About five thousand years ago, there arose a priestly class, arrogating to itself the power to control its peers by manipulating fear of divine anger and retribution.  These priests quickly learned how to usurp the previously direct individual connection primitives had with the spirit world, say, for example, dancing around a fire to comfort their fear of enemies, of famine, of the elements, of a harsh and unforgiving world of predator and prey.

Now the primitives could be told how to live their lives, pay homage to priests, and live in a community governed by an organized religion devoted to protecting them from harm, assuming they lived according to the rules. Among those rules was a rule book, (the bible) tribal markings, brandings, nose rings, circumcision, denoting those who belonged to the tribe and denoting outsiders as hostile, worthy of exile, death or even extermination.

One need only look to the blood-soaked twentieth century to see the workings of fear.  Fear of Jews, Communists, Blacks, Non-Catholics, Catholics, Asians, Non-Aryans, Socialists, Liberals, Atheists, Protestants, pick one. If one goes back five hundred years or five thousand years, it does not matter.  Humanity is rife with fear. 

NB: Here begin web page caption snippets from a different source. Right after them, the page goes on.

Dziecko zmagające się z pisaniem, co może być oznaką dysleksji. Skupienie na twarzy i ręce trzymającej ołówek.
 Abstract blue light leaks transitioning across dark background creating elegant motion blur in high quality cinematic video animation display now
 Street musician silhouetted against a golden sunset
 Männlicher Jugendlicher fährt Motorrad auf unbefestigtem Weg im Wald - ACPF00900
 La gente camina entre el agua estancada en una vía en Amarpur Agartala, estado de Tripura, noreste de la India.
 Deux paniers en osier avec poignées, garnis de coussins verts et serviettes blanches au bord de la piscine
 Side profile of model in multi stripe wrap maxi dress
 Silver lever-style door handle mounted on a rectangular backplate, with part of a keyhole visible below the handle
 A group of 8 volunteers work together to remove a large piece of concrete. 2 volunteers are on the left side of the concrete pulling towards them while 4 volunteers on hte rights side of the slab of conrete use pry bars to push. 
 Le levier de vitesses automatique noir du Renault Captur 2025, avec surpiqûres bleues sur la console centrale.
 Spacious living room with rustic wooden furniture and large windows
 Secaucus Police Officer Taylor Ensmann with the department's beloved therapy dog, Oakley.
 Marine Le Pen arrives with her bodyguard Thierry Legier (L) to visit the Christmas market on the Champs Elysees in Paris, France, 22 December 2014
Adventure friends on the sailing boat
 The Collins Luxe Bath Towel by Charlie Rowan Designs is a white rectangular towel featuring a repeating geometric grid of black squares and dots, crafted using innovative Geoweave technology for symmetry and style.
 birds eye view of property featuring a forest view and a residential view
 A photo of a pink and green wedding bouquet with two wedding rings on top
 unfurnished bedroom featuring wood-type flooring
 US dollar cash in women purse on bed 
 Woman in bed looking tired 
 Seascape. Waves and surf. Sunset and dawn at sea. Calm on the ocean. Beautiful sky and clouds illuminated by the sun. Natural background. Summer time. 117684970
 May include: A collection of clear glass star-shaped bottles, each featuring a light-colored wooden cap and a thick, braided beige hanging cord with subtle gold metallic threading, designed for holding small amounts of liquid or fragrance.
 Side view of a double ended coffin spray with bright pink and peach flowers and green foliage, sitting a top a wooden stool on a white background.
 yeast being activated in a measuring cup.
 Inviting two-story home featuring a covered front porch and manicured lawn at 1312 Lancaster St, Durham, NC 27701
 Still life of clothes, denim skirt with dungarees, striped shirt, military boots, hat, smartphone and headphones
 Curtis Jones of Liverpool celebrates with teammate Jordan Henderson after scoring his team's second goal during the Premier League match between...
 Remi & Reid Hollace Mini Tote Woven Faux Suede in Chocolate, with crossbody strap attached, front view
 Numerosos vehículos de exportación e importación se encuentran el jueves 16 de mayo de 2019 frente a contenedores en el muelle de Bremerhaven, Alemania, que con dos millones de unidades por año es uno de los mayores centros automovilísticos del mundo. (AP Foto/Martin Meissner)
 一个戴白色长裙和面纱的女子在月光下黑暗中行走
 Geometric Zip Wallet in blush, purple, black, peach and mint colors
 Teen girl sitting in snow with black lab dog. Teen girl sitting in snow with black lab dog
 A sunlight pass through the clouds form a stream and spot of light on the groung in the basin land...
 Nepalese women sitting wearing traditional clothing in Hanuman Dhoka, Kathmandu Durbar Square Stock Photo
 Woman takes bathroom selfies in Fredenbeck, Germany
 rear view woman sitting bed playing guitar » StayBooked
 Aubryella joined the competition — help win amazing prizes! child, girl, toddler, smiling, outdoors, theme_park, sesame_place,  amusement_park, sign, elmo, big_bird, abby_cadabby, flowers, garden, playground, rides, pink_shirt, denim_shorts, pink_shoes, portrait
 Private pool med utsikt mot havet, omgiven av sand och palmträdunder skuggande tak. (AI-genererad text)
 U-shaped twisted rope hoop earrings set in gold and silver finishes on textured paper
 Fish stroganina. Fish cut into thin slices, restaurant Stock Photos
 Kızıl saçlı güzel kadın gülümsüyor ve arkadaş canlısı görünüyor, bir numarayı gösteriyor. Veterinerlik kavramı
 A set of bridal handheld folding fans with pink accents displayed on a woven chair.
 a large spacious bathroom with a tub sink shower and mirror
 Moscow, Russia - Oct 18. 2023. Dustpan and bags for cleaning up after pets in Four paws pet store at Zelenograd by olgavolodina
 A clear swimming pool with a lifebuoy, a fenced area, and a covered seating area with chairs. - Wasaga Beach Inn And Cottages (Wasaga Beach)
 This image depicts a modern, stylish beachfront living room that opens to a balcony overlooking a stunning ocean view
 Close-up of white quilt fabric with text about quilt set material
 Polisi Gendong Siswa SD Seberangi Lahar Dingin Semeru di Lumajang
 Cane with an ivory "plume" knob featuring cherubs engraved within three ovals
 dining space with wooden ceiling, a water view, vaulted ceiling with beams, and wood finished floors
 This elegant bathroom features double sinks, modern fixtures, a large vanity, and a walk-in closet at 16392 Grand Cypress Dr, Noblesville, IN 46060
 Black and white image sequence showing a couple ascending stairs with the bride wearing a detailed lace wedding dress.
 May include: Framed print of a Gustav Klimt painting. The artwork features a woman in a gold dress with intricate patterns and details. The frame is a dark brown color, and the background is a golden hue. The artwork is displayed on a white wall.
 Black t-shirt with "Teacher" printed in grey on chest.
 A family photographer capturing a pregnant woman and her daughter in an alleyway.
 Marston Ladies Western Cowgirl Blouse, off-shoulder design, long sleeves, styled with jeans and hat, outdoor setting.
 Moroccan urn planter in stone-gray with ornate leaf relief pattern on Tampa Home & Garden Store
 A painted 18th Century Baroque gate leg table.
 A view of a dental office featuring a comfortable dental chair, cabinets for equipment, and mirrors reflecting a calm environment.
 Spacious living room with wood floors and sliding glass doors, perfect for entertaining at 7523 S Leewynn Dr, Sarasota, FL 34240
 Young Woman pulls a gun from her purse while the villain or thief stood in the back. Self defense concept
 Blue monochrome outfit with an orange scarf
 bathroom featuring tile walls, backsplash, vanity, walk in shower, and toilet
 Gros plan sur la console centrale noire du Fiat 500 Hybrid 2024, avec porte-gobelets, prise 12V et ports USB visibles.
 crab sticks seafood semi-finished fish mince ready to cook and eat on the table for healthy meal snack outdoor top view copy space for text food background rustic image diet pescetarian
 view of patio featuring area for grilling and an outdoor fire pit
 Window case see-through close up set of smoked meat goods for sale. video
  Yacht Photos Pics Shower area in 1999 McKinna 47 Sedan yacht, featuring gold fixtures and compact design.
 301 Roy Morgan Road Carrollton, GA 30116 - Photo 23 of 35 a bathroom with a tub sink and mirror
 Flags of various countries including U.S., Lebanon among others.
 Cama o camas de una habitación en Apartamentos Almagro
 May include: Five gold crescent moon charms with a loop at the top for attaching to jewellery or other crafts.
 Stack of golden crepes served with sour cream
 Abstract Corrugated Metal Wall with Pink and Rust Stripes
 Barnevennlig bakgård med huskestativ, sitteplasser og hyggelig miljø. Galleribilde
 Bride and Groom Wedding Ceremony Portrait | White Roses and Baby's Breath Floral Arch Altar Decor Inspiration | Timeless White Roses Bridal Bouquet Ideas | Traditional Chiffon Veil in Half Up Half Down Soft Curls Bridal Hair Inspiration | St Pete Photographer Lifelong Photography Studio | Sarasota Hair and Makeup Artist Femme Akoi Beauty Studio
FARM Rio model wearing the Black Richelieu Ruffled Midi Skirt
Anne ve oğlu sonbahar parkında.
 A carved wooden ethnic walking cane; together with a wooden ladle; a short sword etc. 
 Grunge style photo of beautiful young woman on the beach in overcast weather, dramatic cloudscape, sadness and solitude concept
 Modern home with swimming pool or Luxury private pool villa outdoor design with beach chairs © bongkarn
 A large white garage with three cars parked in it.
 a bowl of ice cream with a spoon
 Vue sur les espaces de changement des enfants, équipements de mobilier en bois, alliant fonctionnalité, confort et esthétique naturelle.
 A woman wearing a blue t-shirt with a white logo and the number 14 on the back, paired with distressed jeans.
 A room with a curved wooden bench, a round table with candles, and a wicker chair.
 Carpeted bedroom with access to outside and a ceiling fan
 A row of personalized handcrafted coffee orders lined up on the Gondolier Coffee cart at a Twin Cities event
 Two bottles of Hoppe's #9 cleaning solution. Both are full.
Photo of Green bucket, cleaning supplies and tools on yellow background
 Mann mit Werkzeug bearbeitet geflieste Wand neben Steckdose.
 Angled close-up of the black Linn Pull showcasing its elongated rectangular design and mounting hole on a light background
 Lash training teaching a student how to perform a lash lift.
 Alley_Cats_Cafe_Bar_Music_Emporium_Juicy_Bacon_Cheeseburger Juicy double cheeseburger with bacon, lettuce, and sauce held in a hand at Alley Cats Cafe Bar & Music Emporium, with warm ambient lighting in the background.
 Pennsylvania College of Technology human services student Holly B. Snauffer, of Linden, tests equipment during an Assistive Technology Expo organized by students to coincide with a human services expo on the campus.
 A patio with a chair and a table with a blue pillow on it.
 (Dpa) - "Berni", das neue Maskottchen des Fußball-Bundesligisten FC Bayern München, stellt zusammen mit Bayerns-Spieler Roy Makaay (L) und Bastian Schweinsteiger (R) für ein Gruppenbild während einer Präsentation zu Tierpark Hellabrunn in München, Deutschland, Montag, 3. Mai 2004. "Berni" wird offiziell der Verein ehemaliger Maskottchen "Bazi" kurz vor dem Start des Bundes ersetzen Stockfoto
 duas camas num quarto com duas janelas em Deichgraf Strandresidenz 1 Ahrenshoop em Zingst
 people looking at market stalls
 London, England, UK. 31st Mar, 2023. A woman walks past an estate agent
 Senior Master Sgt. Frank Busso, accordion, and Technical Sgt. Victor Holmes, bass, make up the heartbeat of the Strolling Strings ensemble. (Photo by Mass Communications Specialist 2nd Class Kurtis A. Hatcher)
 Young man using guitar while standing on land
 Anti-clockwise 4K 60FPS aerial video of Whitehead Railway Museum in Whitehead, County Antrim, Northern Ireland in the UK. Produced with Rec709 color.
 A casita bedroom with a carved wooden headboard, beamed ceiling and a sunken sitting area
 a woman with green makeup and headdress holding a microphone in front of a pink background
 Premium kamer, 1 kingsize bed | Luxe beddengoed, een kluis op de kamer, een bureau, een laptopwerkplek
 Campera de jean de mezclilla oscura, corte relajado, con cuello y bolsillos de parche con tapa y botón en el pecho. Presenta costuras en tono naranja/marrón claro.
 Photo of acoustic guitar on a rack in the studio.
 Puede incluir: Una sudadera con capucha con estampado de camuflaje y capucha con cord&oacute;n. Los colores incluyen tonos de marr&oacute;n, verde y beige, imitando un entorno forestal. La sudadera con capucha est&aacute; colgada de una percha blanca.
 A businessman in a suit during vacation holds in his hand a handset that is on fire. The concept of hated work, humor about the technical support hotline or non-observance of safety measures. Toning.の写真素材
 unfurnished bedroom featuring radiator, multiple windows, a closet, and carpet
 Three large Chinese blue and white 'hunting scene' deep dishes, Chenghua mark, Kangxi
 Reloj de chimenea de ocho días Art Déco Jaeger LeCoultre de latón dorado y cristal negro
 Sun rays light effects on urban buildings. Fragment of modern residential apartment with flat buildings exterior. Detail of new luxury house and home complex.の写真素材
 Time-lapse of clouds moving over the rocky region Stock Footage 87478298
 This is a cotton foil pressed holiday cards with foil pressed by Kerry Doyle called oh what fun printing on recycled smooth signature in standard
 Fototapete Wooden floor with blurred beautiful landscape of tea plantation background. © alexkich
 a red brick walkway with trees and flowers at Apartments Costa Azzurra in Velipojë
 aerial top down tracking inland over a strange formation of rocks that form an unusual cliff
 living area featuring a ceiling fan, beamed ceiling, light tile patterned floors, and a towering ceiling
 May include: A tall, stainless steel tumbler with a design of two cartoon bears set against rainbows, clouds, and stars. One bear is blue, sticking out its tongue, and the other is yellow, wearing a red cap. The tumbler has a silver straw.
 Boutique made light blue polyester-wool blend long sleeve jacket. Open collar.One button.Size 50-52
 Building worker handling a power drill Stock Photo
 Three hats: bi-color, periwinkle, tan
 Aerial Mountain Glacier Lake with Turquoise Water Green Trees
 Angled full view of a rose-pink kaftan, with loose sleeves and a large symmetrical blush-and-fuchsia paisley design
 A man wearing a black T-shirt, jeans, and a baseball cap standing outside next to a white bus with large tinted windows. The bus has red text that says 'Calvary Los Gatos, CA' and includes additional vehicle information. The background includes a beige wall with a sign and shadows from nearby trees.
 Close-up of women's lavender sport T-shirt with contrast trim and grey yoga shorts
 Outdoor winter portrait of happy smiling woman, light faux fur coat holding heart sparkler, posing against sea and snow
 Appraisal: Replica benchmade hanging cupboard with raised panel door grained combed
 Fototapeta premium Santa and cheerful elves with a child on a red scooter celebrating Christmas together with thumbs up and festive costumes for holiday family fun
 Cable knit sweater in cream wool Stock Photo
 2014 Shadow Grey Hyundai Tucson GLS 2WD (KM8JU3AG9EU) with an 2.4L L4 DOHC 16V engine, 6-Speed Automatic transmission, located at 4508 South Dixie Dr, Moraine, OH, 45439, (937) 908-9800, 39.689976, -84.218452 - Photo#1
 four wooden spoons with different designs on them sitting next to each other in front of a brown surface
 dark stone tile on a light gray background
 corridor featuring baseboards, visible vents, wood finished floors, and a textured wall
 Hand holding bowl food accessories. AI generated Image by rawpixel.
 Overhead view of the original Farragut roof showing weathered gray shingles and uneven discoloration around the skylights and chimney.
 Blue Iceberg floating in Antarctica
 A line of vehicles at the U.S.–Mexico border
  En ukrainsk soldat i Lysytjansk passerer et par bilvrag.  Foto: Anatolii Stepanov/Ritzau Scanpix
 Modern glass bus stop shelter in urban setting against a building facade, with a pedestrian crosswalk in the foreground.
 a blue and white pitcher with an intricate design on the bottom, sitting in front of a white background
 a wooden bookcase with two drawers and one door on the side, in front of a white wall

So, when people ask why Donald Trump has been successful in being elected to the Presidency of the United States of America and are confounded by his still large following, the answer is fear.  Trump has mastered the art of manipulating fear and turning it into a cult, the religion of Trumpism. Fear of others.

When Trump talks about eliminating “vermin” from our midst, that statement alone should have been disqualifying.   But it has not been.  Because people fear vermin.  People visualize rodents as loathsome, just as they did when Dr. Goebbels portrayed Jews as rats in his propaganda.  Just as members of his tribe did nothing to speak out against the calumny.

So, Trump has become a high priest, a pied piper to his followers. Just drink the potion, the snake oil. You cannot argue with religion.  In a way, most religions are cultish.  They leave their initial cultishness behind with the passage of time.  The older the religion becomes, the more acceptable it becomes, the less of a cult it is, the more it assuages fear.

People adhering to strict tribal customs perhaps do themselves and their community a service, but in rejecting the more widely acceptable customs of a society also isolate themselves from a more fearful, cosmopolitan (yes I use that word) point of view.  More accepting of others. They inhabit a more insular world, more obvious in their differences and thus more of a target for hatred and prejudice.  The answer to that is not clear. I imagine the answer could be a more tolerant society.  But that is rare, and it seems  that more illiberal societies arise in a time of immense technological and economic change, a more challenging time.  A time more susceptible to Trumpian demagoguery and fear.  Trump has mastered the art of manipulating fear.  The fear of change. The need for scapegoats.

So, Trump is no mystery at all.  Trump is fear itself.  FDR’s “nameless, unjustified, unreasoning terror which paralyzes needed efforts to convert retreat into advance.” So when Franklin Roosevelt worked to overcome fear in America, Trump has worked to restore it mightily to his own advantage, but to the disadvantage of his countrymen.